The first of three paranormal animations to be released in quick succession as the calendar creeps towards October 31st, Chris Butler and Sam Fell's Paranorman is wonderfully drenched in nostalgia, both for B-Movie horrors and the best family films: it's an Amblin film made for that slightly weird kid with the Nightmare Before Christmas lunch-box and the disconnected snark. The usual suspects are here, pulled in from The Goonies and Stand By Me, played through a Tim Burton-tinged filter with some broad comic strokes and an irresistible story that throws up some pleasant twists and plays on the usual cursed community model. Like the best family films, ParaNorman never panders to the audience who will probably stream in thanks to the medium used and the PG rating, but the story actually packs some scares in that will make it a bad choice for younger audience members even despite desensitisation and deals with some fairly grown-up issues with a frank openness. The narrative leans as strongly on the underlying issues of bullying and alienation as it does on the very funny prat-falls and supernatural elements, and it's a decision that really pays off, particularly where the key elements converge in the final sequence. The story follows teenage outsider Norman, who can see and speak to ghosts through the revelation that he is something of a Chosen One, and the only person who can stop the annual Witch's Curse from letting the dead walk the earth and terrorise his local community. Along the way, naturally he assembles that Amblin-like gang to help him, including his bully and his awkward but big-hearted new best friend and together they tackle both Norman's problems and the Curse through some exquisite looking, and smart set-pieces.

It's all helped along nicely by some sterling voice acting, from talents as diverse and as eye-catching as Jeff Carlin, John Goodman, Anna Kendrick, Casey Affleck and Christopher Mintz-Plasse who threatens to steal every scene he's in as forcefully reformed bully Alvin.

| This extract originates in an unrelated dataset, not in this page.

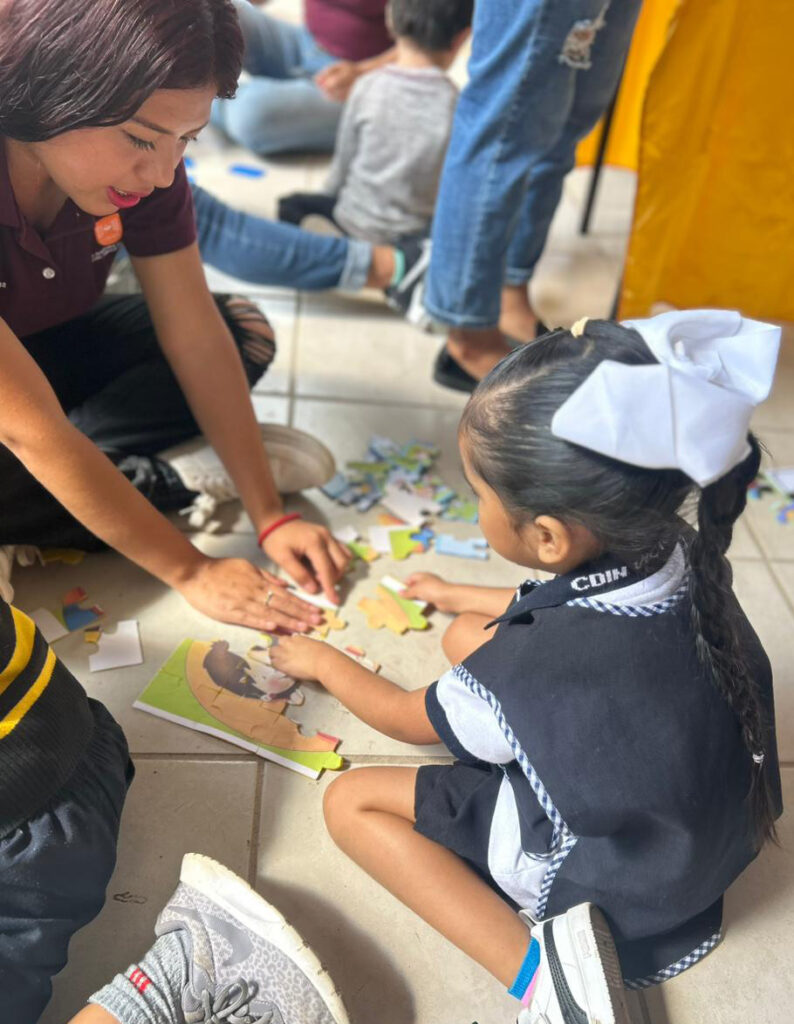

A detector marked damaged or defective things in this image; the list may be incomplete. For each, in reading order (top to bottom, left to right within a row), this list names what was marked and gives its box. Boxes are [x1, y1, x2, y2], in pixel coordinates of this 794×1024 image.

black ripped pants [0, 292, 274, 552]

And it's uplifting to note that it is two of the youngest cast members - Kodi Smit-McPhee as Norman and Tucker Albrizzi as Neil - who shine the brightest, with their stumbling, bumbling friendship forming the emotional heart of the film. There is something of a sag in the story in the middle, and the nit-pickers out there might take some issues with what could be perceived as a preachiness to the narrative, but the first half and the closing act are so good that we can forgive some issues. And when the storyline, with its inherent sensibilities can lead to such an impressive and engaging final sequence - both in terms of emotional connection and pure entertainment - the issues completely evaporate. Yes it could have done with some trimming, but overall, the film is a beautiful achievement.

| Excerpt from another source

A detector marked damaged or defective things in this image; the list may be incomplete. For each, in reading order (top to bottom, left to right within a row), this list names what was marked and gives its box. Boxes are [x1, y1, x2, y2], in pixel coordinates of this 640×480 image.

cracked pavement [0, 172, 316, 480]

The stop-motion involved is incredibly complex, and on a grander scale than anything that has come before it, and the supplemented CGI doesn't distract from the primary medium at all. It also comes with a keen eye for direction that makes a mockery of the work of most modern live-action films - more than anything ParaNorman feels like it was lovingly crafted by fans of not only animated film-making, but of horror films, of the type of family films that were made before that genre was fatally broadened, and of cinema in general. Following the death of the horror genre, by the ice-sharp blades of self-awareness, parody and reductive film-making (I blame Scream and Saw), it never seemed possible that a horror film with such self-referential notes could ever be so entertaining, but ParaNorman disproved that assumption with flying colours. Perhaps it is because the touches of homage never sought to deconstruct, but at times the film really feels like a celebration of the horror genre in its purest form, and neither the tween-friendly snark nor the flat-out comedy did anything to dilute that effect. The simplest testament to its success was that I came out of the screening wishing it was Halloween already. Do yourselves a favour, go and see it. Just be aware that nightmares might follow for the younger kids. Paranorman is in cinemas now.